Aim of the exercise: Would you please output, word for word, the span of the listing below that opens on the line containing "Calvin Klein Mini-jupe" and closes on the line containing "Cable Knit Cardigan Top view 1"? Include both ends and nothing more.

Given entries:
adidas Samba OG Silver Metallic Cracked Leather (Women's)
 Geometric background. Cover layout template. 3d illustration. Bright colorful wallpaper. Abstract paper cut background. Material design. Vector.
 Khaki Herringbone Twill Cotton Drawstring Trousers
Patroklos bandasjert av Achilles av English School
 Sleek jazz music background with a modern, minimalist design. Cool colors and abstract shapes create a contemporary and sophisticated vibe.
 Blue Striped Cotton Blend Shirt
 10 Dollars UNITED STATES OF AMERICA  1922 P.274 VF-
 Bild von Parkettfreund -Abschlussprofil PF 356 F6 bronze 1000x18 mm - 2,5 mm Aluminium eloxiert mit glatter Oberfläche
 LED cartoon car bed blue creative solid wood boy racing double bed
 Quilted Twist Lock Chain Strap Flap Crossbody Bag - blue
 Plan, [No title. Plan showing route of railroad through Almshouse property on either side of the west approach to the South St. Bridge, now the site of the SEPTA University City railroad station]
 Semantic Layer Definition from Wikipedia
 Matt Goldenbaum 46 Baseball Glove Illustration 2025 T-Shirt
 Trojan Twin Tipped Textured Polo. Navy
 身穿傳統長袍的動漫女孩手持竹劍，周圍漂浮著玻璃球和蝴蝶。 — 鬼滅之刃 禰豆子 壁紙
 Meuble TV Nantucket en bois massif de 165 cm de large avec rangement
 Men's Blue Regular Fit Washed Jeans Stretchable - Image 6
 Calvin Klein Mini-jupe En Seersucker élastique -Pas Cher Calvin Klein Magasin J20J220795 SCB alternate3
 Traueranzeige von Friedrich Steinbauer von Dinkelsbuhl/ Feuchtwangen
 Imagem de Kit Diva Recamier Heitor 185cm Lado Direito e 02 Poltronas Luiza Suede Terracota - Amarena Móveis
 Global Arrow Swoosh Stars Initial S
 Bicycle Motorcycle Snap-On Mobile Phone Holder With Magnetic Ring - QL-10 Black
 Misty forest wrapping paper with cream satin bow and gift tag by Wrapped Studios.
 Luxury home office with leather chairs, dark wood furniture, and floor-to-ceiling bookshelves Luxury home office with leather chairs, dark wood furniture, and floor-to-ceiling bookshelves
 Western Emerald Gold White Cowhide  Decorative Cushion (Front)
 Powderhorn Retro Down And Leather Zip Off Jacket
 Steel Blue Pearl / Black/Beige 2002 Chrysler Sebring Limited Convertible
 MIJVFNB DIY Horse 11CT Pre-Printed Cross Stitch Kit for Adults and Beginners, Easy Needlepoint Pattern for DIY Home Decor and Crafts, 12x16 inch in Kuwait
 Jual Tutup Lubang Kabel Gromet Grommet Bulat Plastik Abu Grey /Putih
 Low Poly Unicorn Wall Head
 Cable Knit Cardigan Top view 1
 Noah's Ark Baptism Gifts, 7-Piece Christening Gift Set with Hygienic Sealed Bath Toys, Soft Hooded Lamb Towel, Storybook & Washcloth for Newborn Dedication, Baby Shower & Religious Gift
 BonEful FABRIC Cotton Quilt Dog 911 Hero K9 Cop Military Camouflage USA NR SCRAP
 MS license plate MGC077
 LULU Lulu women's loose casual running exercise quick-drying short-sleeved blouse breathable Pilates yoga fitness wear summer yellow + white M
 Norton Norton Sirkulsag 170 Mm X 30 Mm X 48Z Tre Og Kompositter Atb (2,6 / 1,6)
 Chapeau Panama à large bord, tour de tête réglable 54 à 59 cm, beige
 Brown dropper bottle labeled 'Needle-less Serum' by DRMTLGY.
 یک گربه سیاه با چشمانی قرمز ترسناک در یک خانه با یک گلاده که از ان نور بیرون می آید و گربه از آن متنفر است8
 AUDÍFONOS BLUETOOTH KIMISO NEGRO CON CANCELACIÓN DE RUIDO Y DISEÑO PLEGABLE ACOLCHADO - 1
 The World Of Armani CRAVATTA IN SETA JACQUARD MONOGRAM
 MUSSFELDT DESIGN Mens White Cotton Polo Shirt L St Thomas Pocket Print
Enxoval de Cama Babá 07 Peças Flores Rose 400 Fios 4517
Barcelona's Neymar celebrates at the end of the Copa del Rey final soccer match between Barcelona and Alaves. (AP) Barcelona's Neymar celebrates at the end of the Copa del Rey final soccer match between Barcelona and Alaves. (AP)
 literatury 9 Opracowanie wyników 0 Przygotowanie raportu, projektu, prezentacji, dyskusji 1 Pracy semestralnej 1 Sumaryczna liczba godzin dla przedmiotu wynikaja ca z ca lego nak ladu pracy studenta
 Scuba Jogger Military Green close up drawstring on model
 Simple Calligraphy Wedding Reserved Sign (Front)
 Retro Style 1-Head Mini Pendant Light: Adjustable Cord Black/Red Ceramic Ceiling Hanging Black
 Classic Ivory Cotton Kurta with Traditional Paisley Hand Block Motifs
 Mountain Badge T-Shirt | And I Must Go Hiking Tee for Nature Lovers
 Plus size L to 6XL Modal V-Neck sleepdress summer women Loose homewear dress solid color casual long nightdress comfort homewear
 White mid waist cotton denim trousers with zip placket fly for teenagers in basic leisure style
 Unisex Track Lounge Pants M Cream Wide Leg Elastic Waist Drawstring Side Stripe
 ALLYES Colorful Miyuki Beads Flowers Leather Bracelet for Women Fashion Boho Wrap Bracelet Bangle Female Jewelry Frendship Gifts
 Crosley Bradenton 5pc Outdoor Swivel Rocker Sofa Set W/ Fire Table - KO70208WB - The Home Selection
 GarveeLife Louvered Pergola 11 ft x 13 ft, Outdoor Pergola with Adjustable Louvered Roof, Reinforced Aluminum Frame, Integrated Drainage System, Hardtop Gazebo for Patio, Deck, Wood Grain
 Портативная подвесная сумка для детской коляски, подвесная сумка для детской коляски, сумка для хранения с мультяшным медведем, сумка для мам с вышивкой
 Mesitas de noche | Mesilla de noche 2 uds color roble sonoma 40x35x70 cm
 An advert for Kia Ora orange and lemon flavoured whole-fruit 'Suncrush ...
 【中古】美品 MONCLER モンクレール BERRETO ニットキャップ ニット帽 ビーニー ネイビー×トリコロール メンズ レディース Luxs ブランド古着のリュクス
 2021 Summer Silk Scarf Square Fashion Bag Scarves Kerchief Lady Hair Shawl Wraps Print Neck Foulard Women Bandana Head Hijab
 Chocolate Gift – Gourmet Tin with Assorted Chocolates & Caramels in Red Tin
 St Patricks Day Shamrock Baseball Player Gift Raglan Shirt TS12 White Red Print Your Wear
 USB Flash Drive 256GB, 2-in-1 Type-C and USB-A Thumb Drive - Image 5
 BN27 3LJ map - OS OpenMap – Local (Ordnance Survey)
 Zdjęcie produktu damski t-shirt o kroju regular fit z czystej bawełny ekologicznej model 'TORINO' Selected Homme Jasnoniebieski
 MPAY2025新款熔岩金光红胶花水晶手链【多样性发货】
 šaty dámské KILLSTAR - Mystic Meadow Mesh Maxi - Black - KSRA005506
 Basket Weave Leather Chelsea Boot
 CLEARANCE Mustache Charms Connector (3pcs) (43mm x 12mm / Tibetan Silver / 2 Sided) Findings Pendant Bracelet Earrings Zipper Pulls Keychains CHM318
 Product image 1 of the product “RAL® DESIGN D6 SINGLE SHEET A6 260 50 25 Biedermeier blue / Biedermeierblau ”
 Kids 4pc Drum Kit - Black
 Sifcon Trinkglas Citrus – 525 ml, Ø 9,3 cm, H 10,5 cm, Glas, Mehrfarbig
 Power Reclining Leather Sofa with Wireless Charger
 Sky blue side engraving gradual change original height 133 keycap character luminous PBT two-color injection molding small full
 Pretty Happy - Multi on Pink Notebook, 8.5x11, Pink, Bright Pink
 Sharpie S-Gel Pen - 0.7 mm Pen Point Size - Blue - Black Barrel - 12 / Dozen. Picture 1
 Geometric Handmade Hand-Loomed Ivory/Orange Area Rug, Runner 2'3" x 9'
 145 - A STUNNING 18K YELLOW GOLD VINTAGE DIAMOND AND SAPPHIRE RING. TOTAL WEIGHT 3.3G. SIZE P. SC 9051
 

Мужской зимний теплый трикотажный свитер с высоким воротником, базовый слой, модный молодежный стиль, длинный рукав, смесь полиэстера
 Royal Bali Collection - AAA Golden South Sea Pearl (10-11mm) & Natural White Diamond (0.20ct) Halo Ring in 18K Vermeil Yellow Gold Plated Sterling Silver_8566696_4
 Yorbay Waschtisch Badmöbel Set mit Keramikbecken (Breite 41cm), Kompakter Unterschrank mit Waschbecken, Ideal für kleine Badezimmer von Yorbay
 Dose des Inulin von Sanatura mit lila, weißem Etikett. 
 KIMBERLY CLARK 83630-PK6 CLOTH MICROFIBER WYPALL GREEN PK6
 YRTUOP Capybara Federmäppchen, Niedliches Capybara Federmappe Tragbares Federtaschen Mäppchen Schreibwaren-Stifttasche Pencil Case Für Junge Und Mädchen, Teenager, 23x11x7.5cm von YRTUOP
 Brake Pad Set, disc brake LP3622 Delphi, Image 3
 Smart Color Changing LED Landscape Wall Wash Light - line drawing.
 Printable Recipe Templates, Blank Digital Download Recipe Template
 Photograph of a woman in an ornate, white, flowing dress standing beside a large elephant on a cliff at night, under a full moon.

Output of the task:
 Calvin Klein Mini-jupe En Seersucker élastique -Pas Cher Calvin Klein Magasin J20J220795 SCB alternate3
 Traueranzeige von Friedrich Steinbauer von Dinkelsbuhl/ Feuchtwangen
 Imagem de Kit Diva Recamier Heitor 185cm Lado Direito e 02 Poltronas Luiza Suede Terracota - Amarena Móveis
 Global Arrow Swoosh Stars Initial S
 Bicycle Motorcycle Snap-On Mobile Phone Holder With Magnetic Ring - QL-10 Black
 Misty forest wrapping paper with cream satin bow and gift tag by Wrapped Studios.
 Luxury home office with leather chairs, dark wood furniture, and floor-to-ceiling bookshelves Luxury home office with leather chairs, dark wood furniture, and floor-to-ceiling bookshelves
 Western Emerald Gold White Cowhide  Decorative Cushion (Front)
 Powderhorn Retro Down And Leather Zip Off Jacket
 Steel Blue Pearl / Black/Beige 2002 Chrysler Sebring Limited Convertible
 MIJVFNB DIY Horse 11CT Pre-Printed Cross Stitch Kit for Adults and Beginners, Easy Needlepoint Pattern for DIY Home Decor and Crafts, 12x16 inch in Kuwait
 Jual Tutup Lubang Kabel Gromet Grommet Bulat Plastik Abu Grey /Putih
 Low Poly Unicorn Wall Head
 Cable Knit Cardigan Top view 1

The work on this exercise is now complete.